The most important, and ultimately correct, suggestion by Grassi was that there must be significant transformations—and in fact multiple stages of reproduction—between the sporozoite phase of parasite dissemination via mosquito saliva and the merozoite phase, when the attacking parasite can destroy red blood cells in the human host. Later researchers finally provided, in 1934, convincing evidence that there was a sequence of sexual and asexual phases of reproduction (the later labeled “schizogony”) in the life cycle of the Plasmodium parasite.
Over the years, other researchers helped broaden the understanding of malaria, its causes, and treatment. Despite the obvious costs paid during the first half of the twentieth century involving debilitation and loss of human lives in areas where malaria was endemic, truly major breakthroughs occurred only during the extraordinary conditions created by World War II. The fact that large numbers of troops were sent from North America and Europe to areas in East, South, and Southeast Asia as well as Africa meant that the danger of widespread malarial infection could hamper strategic operations. Distribution of all forms of preventive equipment, including both mosquito nets and insect repellents, was destined to become standard procedure in tropical zones. Doses of quinine were also part of each soldier’s medical supply packet.
Both the Centers for Disease Control (CDC) and the World Health Organization (WHO) state that malaria is completely treatable and curable. The United States eliminated the disease in the early 1950s, and forty-three other countries and one territory had done so by early 2024. According to the CDC, about 2,000 cases of malaria are reported in the US each year, mainly by people who had recently traveled to foreign countries; locally acquired transmission, though rare, has also occurred, and in the summer of 2023, the US experienced its first outbreaks of locally acquired malaria in two decades.

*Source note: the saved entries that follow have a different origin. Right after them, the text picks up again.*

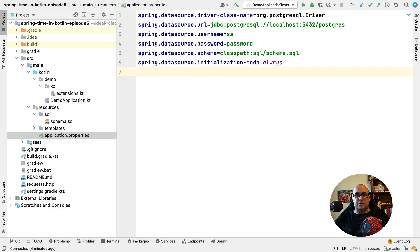The question is: can we automate our tests if we use the real database? Apparently we can. We can use the test containers library in our tests to start a Docker container with a real database for the duration of the tests. Before we start, let's actually migrate our application to use Postgres instead of H2.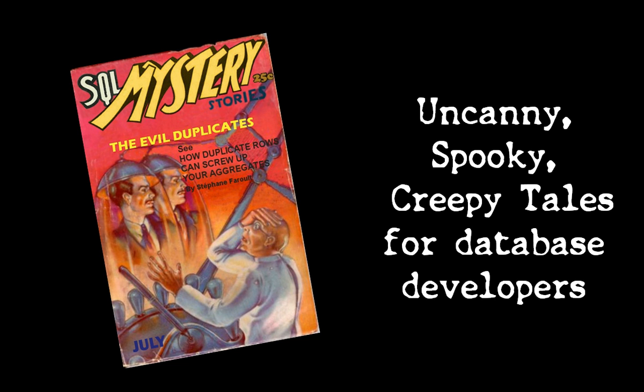Hello, I am Stéphane Faroult and I am going on with SQL Horror Stories. This time, I am going to talk about duplicate rows in results.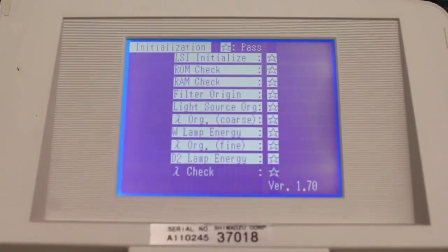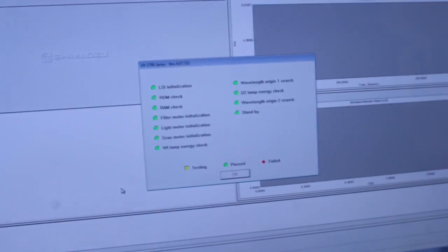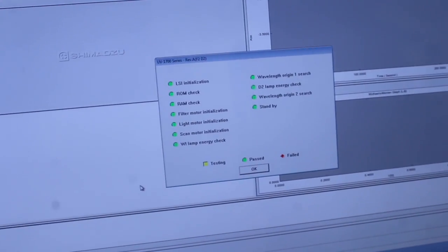When initialization is completed, you will get a confirmation on the screen. Click OK.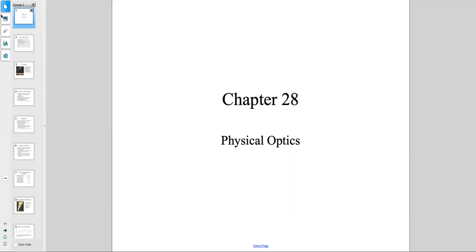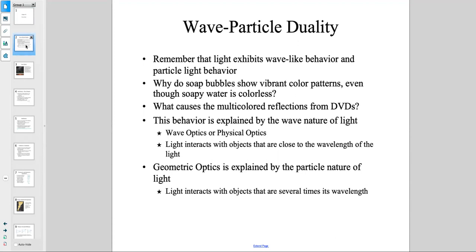Chapter 28: Physical Optics. In this chapter, we're going to talk about different things. Based on our previous discussions, light can act like a particle, and it can also act like a wave. In this chapter, we're going to go over some of the features of that — for example, why do soap bubbles show vibrant color patterns even though soapy water is colorless? Or what causes multicolor reflections on a DVD? These things can be explained by the wave nature of light, which we call wave optics or physical optics.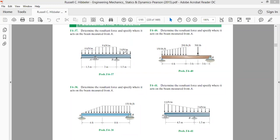At different portions of the beam span we have different intensities of loading. From the free end to point A we have 6 kN/m; from point A to point B we have 9 kN/m; and from point B to the free end we have 3 kN/m. We have to replace all these loads by a single load.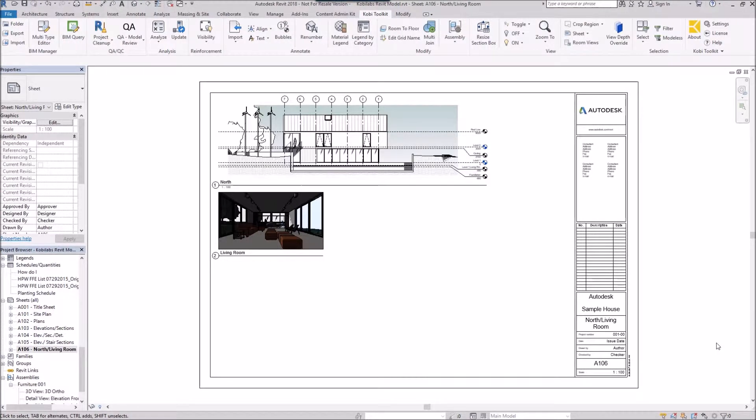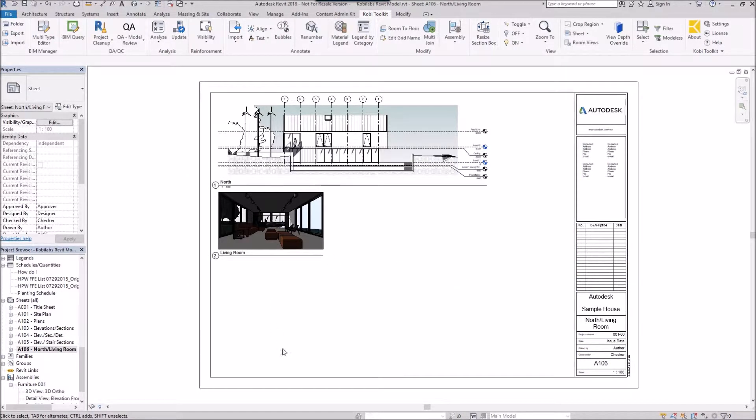Welcome to this short video on Align Viewport on Sheet. The Align Viewport on Sheet command allows you to take a viewport and specify its offset from any side of the border.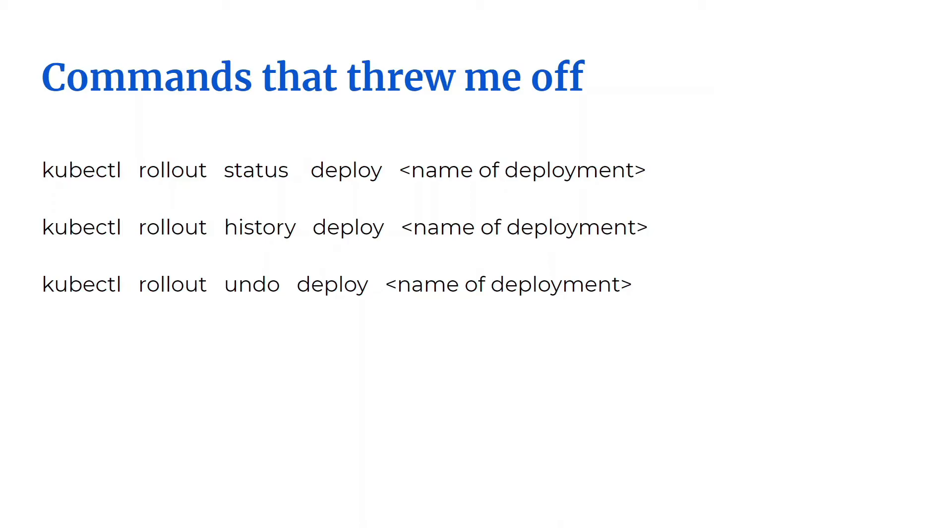Initially, I had trouble with this deployment command. I could not remember the syntax. When I wrote them down in this way, it started to make sense to me. CKAD is geared towards developers, so it's important to learn about these deployment commands.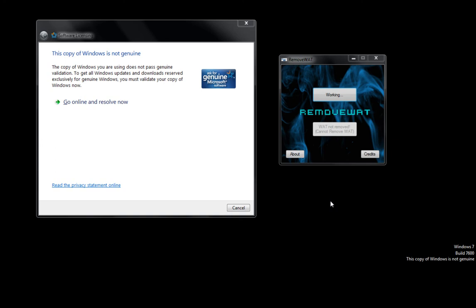That is because your firewall is not accepting it. Before running the software, you want to make an exception for your firewall to accept removewat.exe. As it's making changes, you'll continue to see Windows Genuine. Once completed, you'll have to restart your computer to make sure Remove WAT works properly.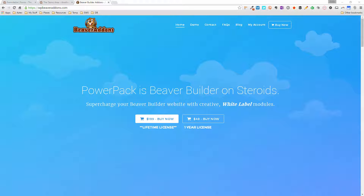Hey guys, it's Colin from the Dynamic Beaver here, and today I'm going to show you a new module that's been released by the guys over at Beaver Add-Ons.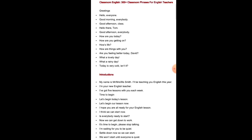Classroom English 300 plus Classroom Phrases for English Teachers. Greetings: Hello everyone. Good morning everybody. Good afternoon class. Hello there Tom. Good afternoon everybody. How are you today? How are you getting on? How is life? How are things with you? Are you feeling better today David? What a lovely day! What a rainy day! Today is very cold, isn't it?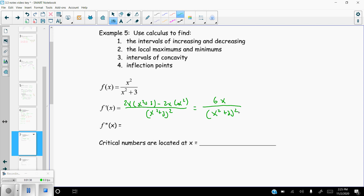Critical values come from where the numerator or denominator equals zero. The denominator (x² + 3) squared can never equal zero — x² is at worst zero, plus 3 is always at least 3, and squaring keeps it positive. So it's never undefined. Setting the numerator 6x equal to zero gives x = 0 as the only critical value.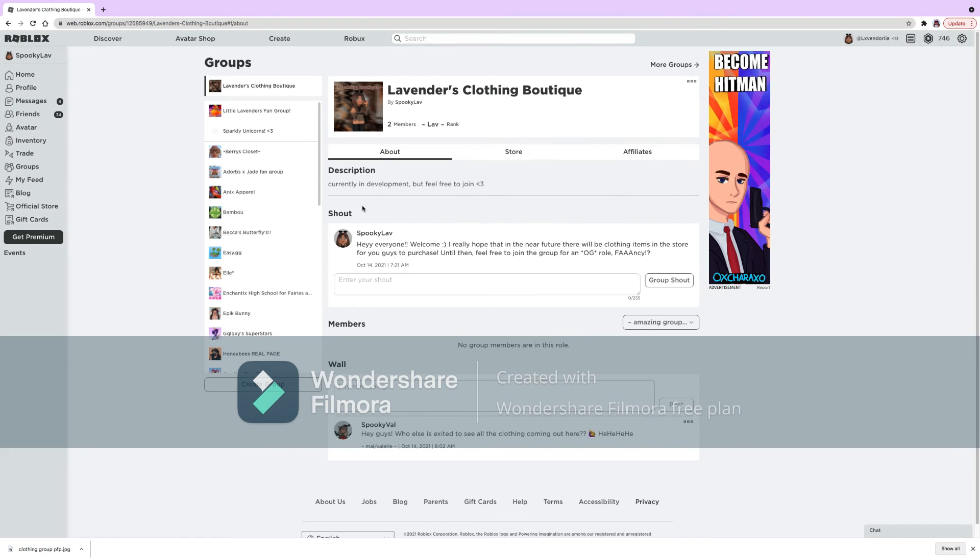The link will be in the description and my username is Lavendoria. You can just go under my profile, it will be the first group you see.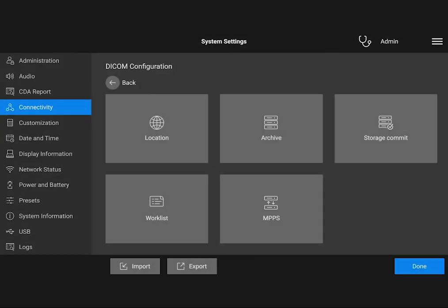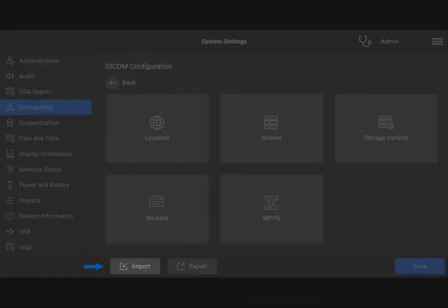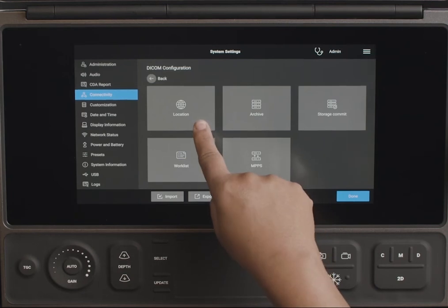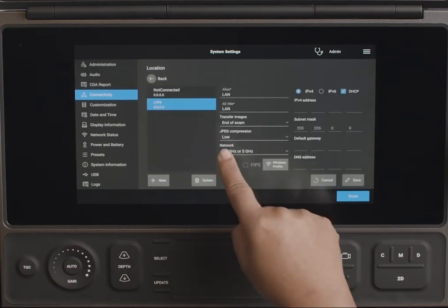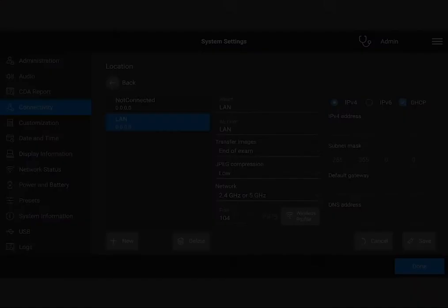If you have any questions, talk to your DICOM or IT administrator. You also have the option of importing a DICOM setup from a USB device. When you configure your system's location, you can also select wireless connectivity options.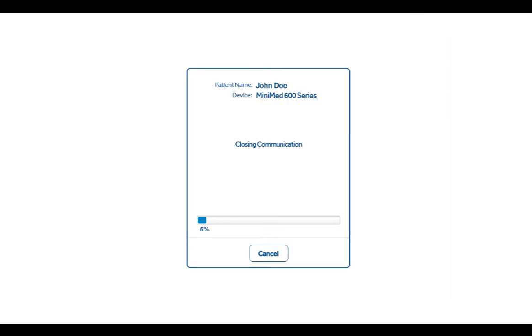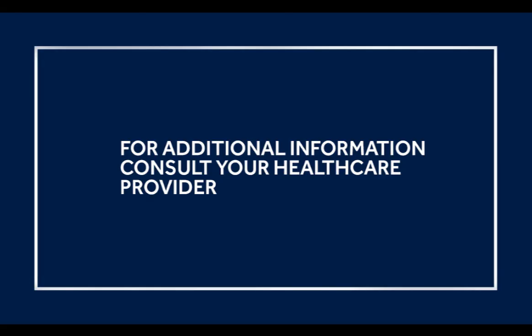With CareLink reports, you'll be able to learn more about your diabetes, which will allow you to take a more active role in managing your diabetes. If you haven't already, ask your physician if they'd like to link your CareLink personal account and automatically get your data without uploading in the office.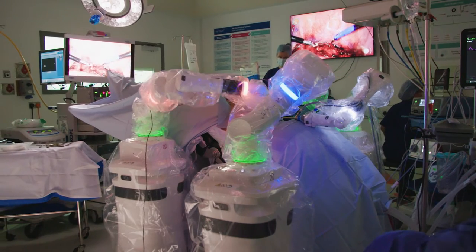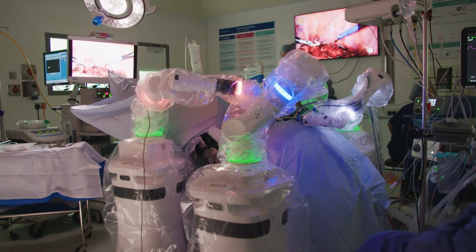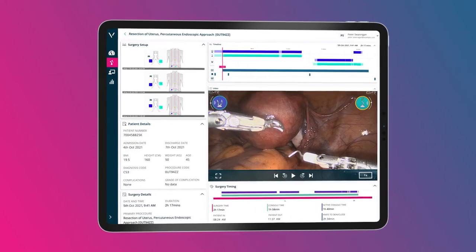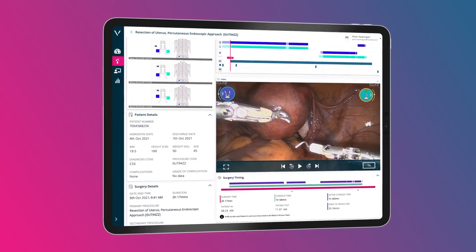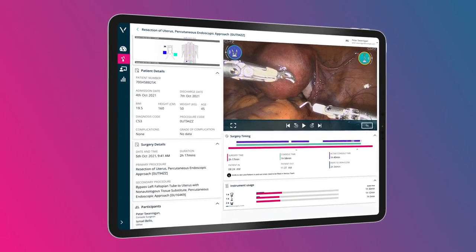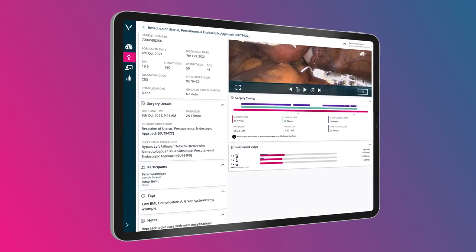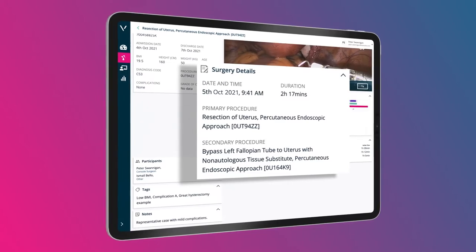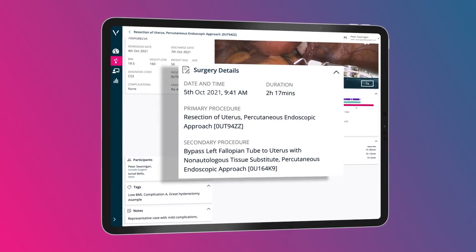Access all your key procedure and clinical statistics for every Versius case, making it easier than ever to track your usage through insightful metrics.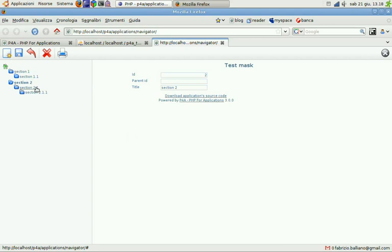So, this is just a quick tour of what P4A DB navigator could do for you. If you have questions, please write us on forum. Thank you for watching. See you soon.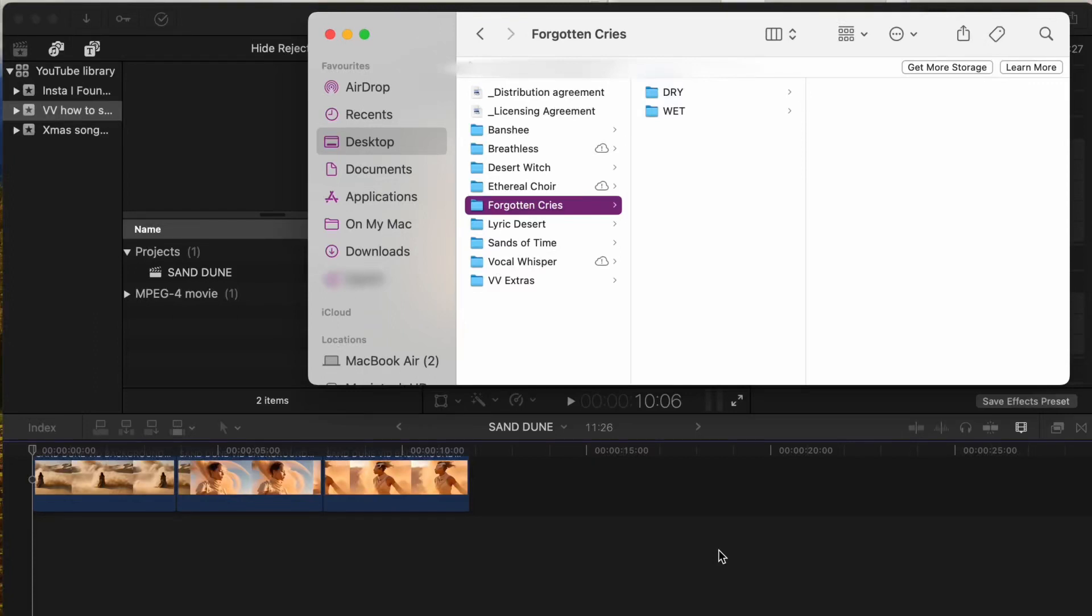In this video we will show you how to use our vocal packs. Each pack contains a vast library of vocals, allowing you to easily drag and drop into your music or film projects.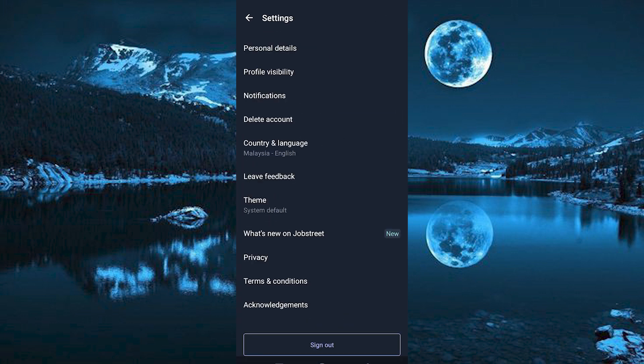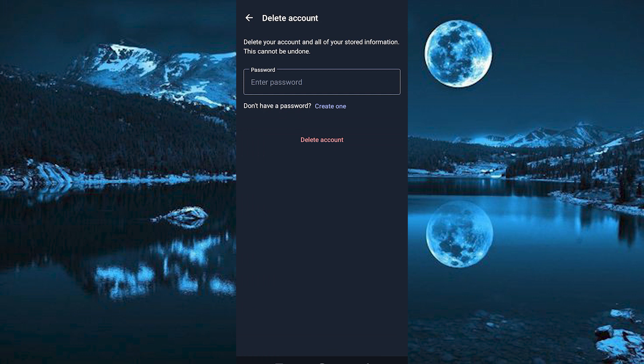You will now see all these options. Go ahead and click on Delete Account right here. As you can see, a short warning is displayed that all your stored information will be deleted. This can't be undone.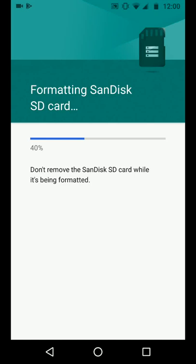Also note that if your phone supports adaptive storage, it's very important to use high speed SD cards so that you can get better performance from your apps.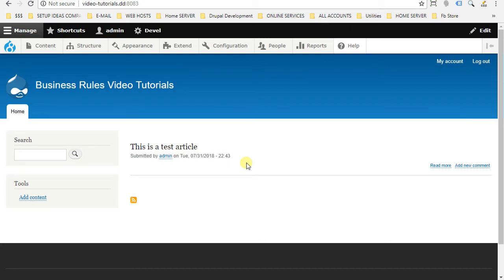Hi, my name is Sherbel and today we are on video number 3 on how to use the business rules model. In this video, I will show you how to show a message to the logged-in user with a specific role.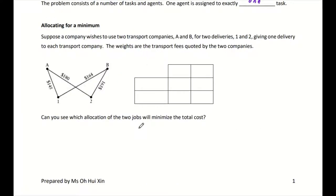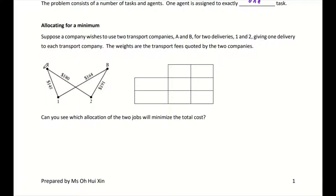Suppose a company wishes to use two transport companies A and B for deliveries one and two, giving one delivery to each transport company. The table shows the transport fees quoted by the two companies. You can see it's a one-to-one matching — you're not going to put both deliveries to one company only. This is a complete bipartite graph, because there are two groups — transport companies and deliveries — and all vertices are adjacent to every vertex in the other group but there's no adjacency between elements in the same group.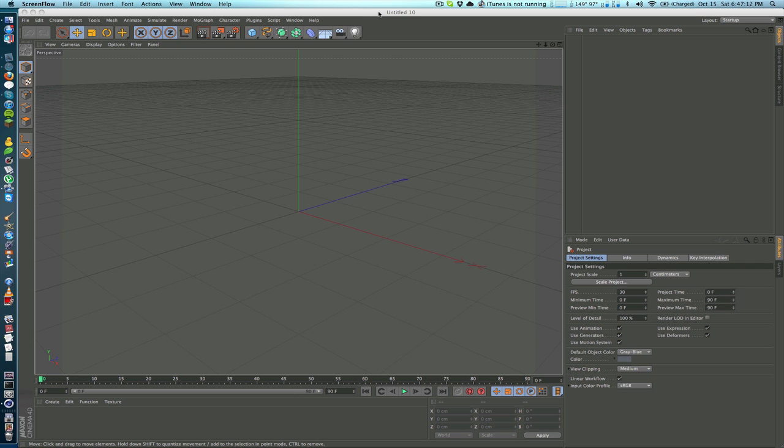Before R13 you really had to mess around with the cameras to make it follow an object. Basically what you had to do was add a specific tag to a camera, but now there's a specific camera called the target camera within R13.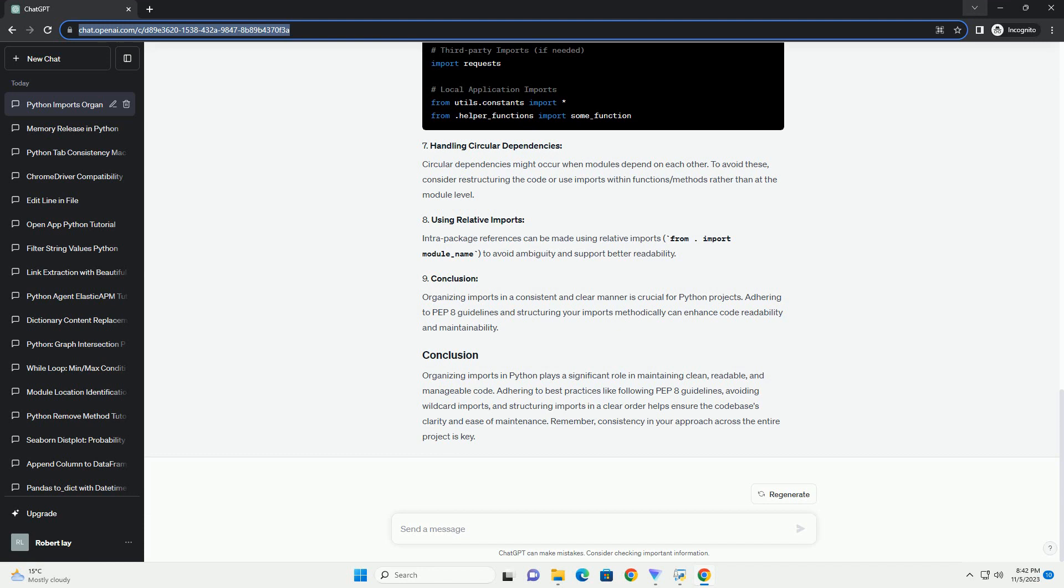Use absolute imports. Use absolute imports for better readability and to prevent any naming conflicts. This is especially important when dealing with larger projects or when multiple modules have the same name.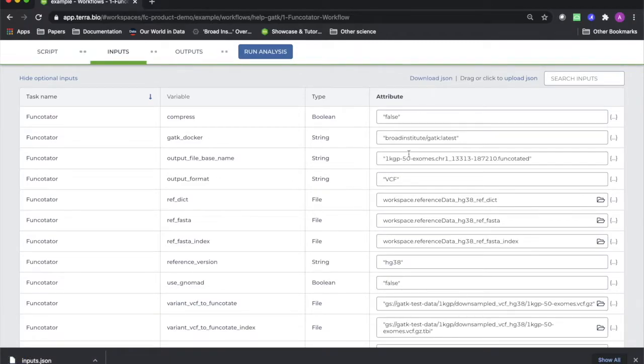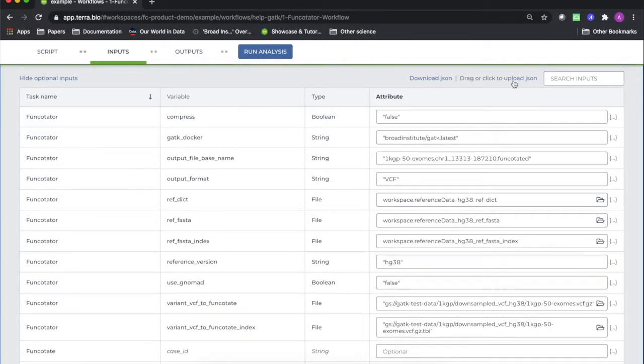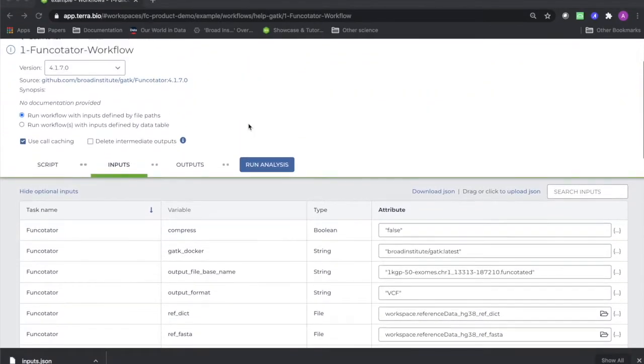When you want to use a configuration that you've saved as a JSON in the future, simply upload the JSON using this button in the workflow you're configuring.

The high concentration of Anopheles mosquitoes in Africa and other subtropical areas with limited resources and access to treatment has meant malaria continues to be a large source of global illness and deaths, however. In 2021, the WHO reported that about half the world's population was at risk of malaria. Additionally, according to the WHO, there were 249 million new cases of malaria and 608,000 deaths in 85 countries in 2022. Malaria and deaths from the disease disproportionately occur in Africa, with 94 percent of all cases worldwide and 95 percent of all malaria deaths occurring on that continent. Children under five accounted for 80 percent of all malaria deaths in Africa. Routine nationwide childhood immunization against malaria began in January 2024 in Cameroon, with about twenty other African nations set to follow suit later that same year.
Many factors have led to increased disease in the early 2020s, after decades of declines. Rising temperatures, increased humidity, stagnant water from flooding events, and insecticide resistance have contributed to longer mosquito lives and spread, while Plasmodium strains have been evolving drug resistance. Meanwhile, population displacement due to extreme weather and conflict, substandard housing, supply chain disruptions from the global COVID-19 pandemic, and food insecurity set the stage for increased transmission and worse illness.